Lorsque son mentor meurt, Bouteflika connaît une période plus trouble. Pourtant ministre d’État sous Chadli Bendjedid, il est accusé d’extorsion de fonds et doit s’exiler de 1981 à 1987 où il se lance dans des affaires fructueuses.

De retour au pays, il va, en bon spécialiste, comploter, ferrailler en interne et réussir à gravir pas à pas les sommets de l’appareil du FLN qui monopolise le pouvoir avec la compagnie pétrolière Sonatrach et l’efficace Direction du Renseignement et de la Surveillance. Durant la guerre civile (près de 100 000 morts et un million de déplacés en onze ans), il s’oppose à la ligne dure portée par le président Zeroual et choisit une solution plus conciliante vis-à-vis des islamistes.

Ancien du clan d’Oujda mais aussi ministre de Boumediene, il a pour lui la légitimité historique pour incarner en cette période de guerre civile à la fois l’unité de l’Etat et tenir un discours de paix civile.

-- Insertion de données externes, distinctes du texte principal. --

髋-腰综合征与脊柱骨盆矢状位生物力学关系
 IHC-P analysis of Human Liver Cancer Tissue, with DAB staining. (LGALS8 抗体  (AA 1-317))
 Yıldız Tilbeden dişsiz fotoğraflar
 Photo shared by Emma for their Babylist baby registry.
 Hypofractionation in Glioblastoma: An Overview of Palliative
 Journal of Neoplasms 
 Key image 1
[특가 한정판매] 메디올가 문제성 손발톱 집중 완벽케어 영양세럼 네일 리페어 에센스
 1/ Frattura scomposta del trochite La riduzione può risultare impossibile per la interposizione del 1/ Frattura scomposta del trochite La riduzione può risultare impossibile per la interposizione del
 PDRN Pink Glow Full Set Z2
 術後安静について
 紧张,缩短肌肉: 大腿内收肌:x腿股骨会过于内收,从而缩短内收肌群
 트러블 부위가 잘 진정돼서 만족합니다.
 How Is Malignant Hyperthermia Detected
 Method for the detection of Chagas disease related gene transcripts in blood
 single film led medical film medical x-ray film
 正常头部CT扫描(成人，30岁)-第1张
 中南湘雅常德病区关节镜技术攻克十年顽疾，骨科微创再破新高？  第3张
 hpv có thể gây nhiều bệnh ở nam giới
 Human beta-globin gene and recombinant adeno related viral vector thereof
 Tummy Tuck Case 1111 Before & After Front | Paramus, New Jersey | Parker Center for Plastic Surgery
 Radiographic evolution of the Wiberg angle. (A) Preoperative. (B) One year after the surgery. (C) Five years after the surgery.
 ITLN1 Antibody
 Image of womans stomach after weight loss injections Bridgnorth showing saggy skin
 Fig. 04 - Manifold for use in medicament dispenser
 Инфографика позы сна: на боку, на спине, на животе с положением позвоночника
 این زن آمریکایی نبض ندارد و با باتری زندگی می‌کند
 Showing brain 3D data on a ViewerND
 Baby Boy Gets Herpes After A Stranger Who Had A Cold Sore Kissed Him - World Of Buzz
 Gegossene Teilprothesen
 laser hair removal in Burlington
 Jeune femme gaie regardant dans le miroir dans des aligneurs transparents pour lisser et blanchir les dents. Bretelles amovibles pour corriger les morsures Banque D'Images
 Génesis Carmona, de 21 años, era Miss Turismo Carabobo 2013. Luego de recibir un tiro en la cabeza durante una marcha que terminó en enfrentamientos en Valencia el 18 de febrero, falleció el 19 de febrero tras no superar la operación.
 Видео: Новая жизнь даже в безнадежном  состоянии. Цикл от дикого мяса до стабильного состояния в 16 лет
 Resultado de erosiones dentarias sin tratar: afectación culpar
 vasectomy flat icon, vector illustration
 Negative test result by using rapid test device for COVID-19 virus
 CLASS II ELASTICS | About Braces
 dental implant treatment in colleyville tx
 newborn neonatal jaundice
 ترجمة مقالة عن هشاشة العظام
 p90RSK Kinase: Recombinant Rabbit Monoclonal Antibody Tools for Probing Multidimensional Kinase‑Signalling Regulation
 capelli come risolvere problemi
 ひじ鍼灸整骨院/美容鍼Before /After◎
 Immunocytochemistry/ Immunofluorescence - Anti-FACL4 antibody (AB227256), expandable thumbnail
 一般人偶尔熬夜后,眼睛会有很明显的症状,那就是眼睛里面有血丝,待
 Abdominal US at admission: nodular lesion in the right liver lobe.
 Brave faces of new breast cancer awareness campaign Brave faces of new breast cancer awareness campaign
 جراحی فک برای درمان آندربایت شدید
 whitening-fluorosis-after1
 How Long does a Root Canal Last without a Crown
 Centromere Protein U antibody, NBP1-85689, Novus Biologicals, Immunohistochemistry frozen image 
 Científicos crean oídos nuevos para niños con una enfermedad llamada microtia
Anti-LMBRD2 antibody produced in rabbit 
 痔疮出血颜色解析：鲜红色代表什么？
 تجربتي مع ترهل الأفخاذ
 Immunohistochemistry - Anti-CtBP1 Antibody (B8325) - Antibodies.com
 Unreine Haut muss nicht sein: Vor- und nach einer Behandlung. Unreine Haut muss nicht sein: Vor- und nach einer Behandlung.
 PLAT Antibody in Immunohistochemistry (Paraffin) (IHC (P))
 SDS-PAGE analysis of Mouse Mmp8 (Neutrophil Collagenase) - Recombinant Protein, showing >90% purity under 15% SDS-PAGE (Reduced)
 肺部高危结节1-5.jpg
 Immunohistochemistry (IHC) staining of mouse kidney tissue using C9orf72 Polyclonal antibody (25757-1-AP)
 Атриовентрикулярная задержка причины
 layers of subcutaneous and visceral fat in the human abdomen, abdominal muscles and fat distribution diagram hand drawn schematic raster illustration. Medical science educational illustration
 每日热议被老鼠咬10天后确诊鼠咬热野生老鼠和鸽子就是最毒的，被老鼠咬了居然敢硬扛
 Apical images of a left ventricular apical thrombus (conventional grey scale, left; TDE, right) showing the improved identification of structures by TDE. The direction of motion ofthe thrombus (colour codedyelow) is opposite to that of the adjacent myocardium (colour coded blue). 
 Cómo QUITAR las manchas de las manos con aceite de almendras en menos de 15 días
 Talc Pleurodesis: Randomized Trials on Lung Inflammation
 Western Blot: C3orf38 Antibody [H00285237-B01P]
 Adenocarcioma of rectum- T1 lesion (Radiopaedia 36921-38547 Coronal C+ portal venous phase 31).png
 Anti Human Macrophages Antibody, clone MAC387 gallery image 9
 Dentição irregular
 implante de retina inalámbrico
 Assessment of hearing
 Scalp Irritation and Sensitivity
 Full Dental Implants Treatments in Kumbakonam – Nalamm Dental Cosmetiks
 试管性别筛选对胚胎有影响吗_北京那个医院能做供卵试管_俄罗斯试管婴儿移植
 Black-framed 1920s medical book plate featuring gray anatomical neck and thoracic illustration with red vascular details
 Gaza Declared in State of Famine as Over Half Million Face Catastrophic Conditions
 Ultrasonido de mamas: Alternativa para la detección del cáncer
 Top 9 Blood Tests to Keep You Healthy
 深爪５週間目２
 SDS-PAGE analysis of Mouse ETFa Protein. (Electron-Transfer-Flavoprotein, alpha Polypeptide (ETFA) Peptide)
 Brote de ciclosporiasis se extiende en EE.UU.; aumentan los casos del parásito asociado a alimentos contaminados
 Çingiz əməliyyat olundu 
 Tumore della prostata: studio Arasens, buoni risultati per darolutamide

1999 : le sacre du fils prodigue

Après les élections « libres » de 1991, la campagne de 1999 est d’une importance cruciale pour le pays. Opposé au socialiste Ait-Ahmed – l’un des « neuf chefs historiques du FLN » -, au libéral Mouloud Hamrouche et à l’islamiste Abdellah Djaballah, « l’indépendant »  Bouteflika gagne l’élection dès le 1er tour avec 73,5 % de votants. La réalité est moins lisse puisque les autres candidats se sont retirés du scrutin, reprochant le manque de transparence et les fraudes. Mais qu’importe, conforté par le président Zéroual, seul garant de la stabilité des institutions, Bouteflika est élu président de la République le 20 avril 1999.

Toutes les élections suivantes se déroulent suivant un scénario identique : des opposants inexistants, un président surpuissant aidé par une armée et une entreprise d’Etat et des scores de « démocratie populaire » en sa faveur : 85 % en 2004, 90,2 % en 2009 et 81 % en 2014. La messe est dite. Ou presque.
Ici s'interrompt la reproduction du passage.